Шел на вас тевтон-фашист с бритым затылком и низким лобиком.
Безглазый, как робот, он стрелял, рассыпая по рощам Петергофа патроны и вылизанные консервные банки. Шел по трупам, ступая кованым железом по теплому телу, обнаженному на срам и поругание.
В начале июля – 26 километров в день… «Форвертс!»
В конце июля – семь, в августе – три… «Шалишь!»
Вот и Луга, разбуженный и обстрелянный дачный мир. Мир детских колыбелей и улочек свиданий – теперь он засыпан, словно пухом, листовками врага, гнусными. Вот как они издевались над нами:
«Если вы думаете, что сможете защитить Ленинград, то вы глубоко ошибаетесь. Сопротивляясь войскам нашего фюрера, вы сами погибнете под развалинами Ленинграда, под ураганом наших бомб и снарядов. Мы сровняем ваш Ленинград с землей, а Кронштадт – с водою… Такова воля фюрера!»

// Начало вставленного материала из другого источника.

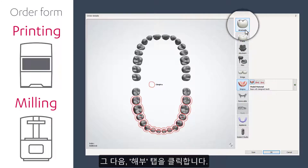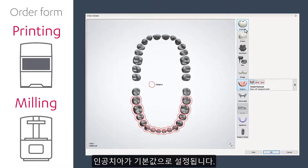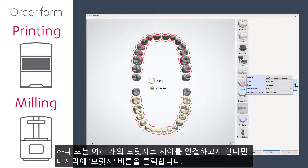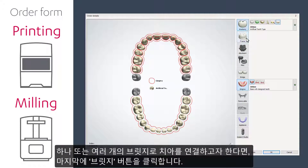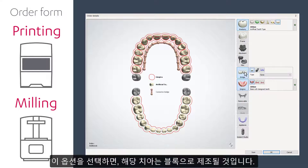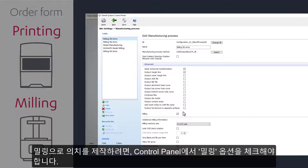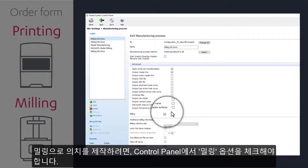After that, select the Anatomy tab. The artificial teeth will be selected by default. If you plan to join the teeth into one or multiple bridges, then the last step is to select the Bridge tab. The teeth will be manufactured as blocks. Choose the relevant material and manufacturing process for each element, either for printing or milling or both. Keep in mind to have the milling checkbox in the control panel enabled when you plan to mill the denture.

Сергей Яковлевич читал эти листовки и понимал, что пришел момент его лебединой песни. Это, как говорилось в старину, будет его «акмэ», – выше этого подъема духа ему уже никогда не подняться. И больше ничего не скажет. Он будет только копать родимую русскую землю. Пусть так, и так надо… «Дайте старику лопату!»
От берегов древней Балтики до камышевых зарослей дивного озера Ильмень (какая ласка в этом слове – Ильмень!) протянулся гигантский вал. Великая Ленинградская Стена! И пусть падут тысячи – миллионы встанут снова. Таков закон великих подвигов – закон всех великих народов. Когда все едины – от мала и до велика…

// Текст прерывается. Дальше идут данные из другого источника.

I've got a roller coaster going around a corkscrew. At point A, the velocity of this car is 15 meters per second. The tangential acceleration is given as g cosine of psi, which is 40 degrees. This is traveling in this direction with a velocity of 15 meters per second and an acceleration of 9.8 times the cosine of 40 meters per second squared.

Ладони Мышецкого растрескались, текла кровь. Сам он уже с трудом вылезал из глубин противотанковых рвов – ему помогали женщины. Потом хлебал из котелка жидкую пшенную кашицу, и был счастлив. Теплые дожди мочили седую голову. Где-то нашел брошенную фуражку красноармейца, напялил ее на уши. Длинные редкие усы свисали по углам скорбно сжатого рта с бледными старческими губами. Подошли матросы, увешанные гранатами, как в восемнадцатом, сами в тельняшках, клеши – хоть куда, и сказали Мышецкому по-доброму:
– А ты, папаша, будто старорежимный генерал…
Мышецкий «стрельнул» у них табачку и ответил честно:
– Нет, сынки, генералом я не был. А вот… – Тут он раскурил цыгарку от костерка и заключил: – А вот губернатором бывать доводилось, правда!

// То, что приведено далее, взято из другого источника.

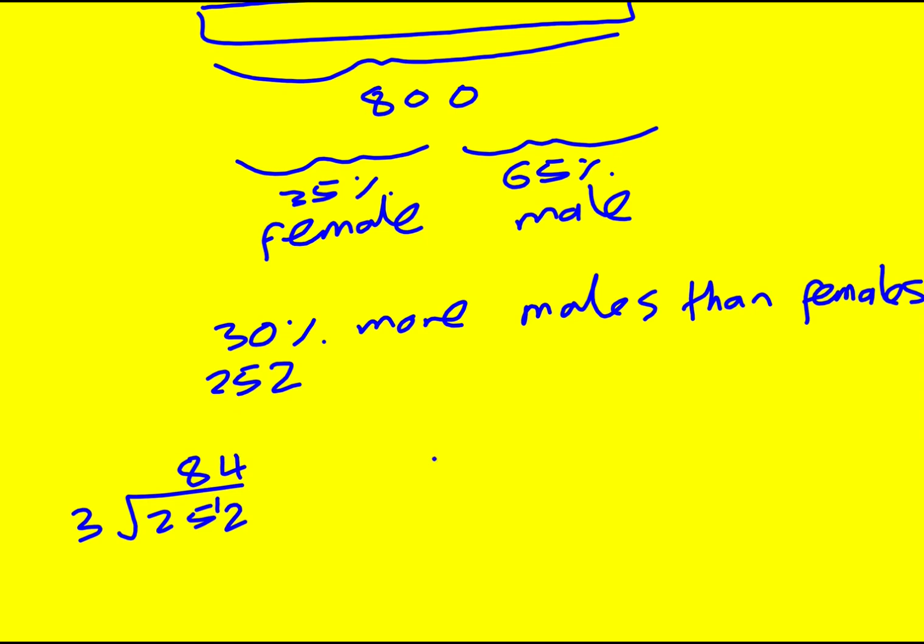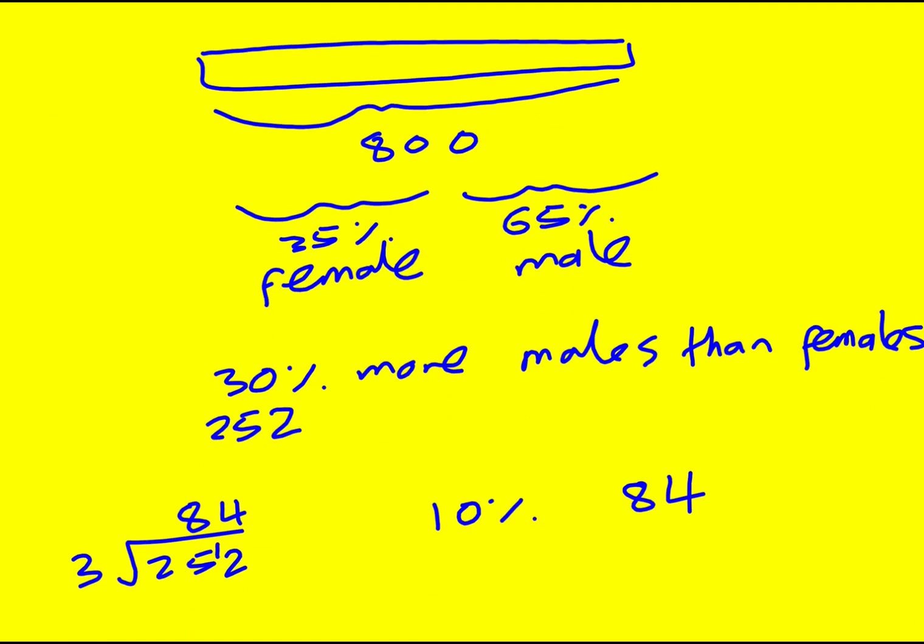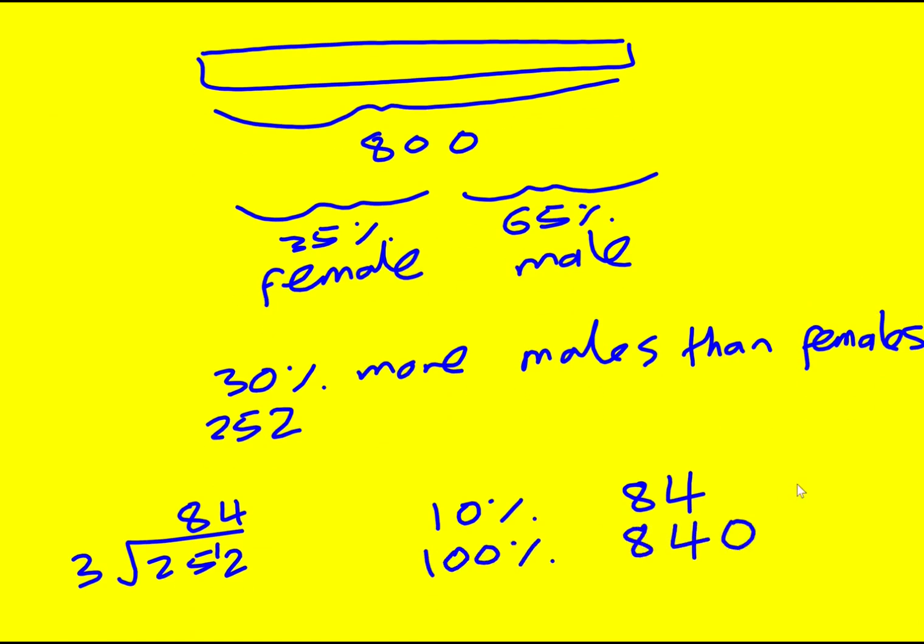So that means 10% is 800, sorry, 84. And therefore we're asked for how many entrants in total. 100% times by 10 is going to be 840.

И в ответ ему грянул здоровый хохот матросов:
– Ох, уж эти старики! Ну, до чего они заводные… – Ляпнут – так ляпнут, что трава потом без суперфосфатов нигде не растет!
Сергей Яковлевич обскоблил свою лопату от грязи.
– Ладно, – сказал миролюбиво, – будь по-вашему: не был я генералом, не был губернатором, все это мне приснилось. А был я всю свою жизнь слесарем Патрикеевым… Ну, как? Похож?..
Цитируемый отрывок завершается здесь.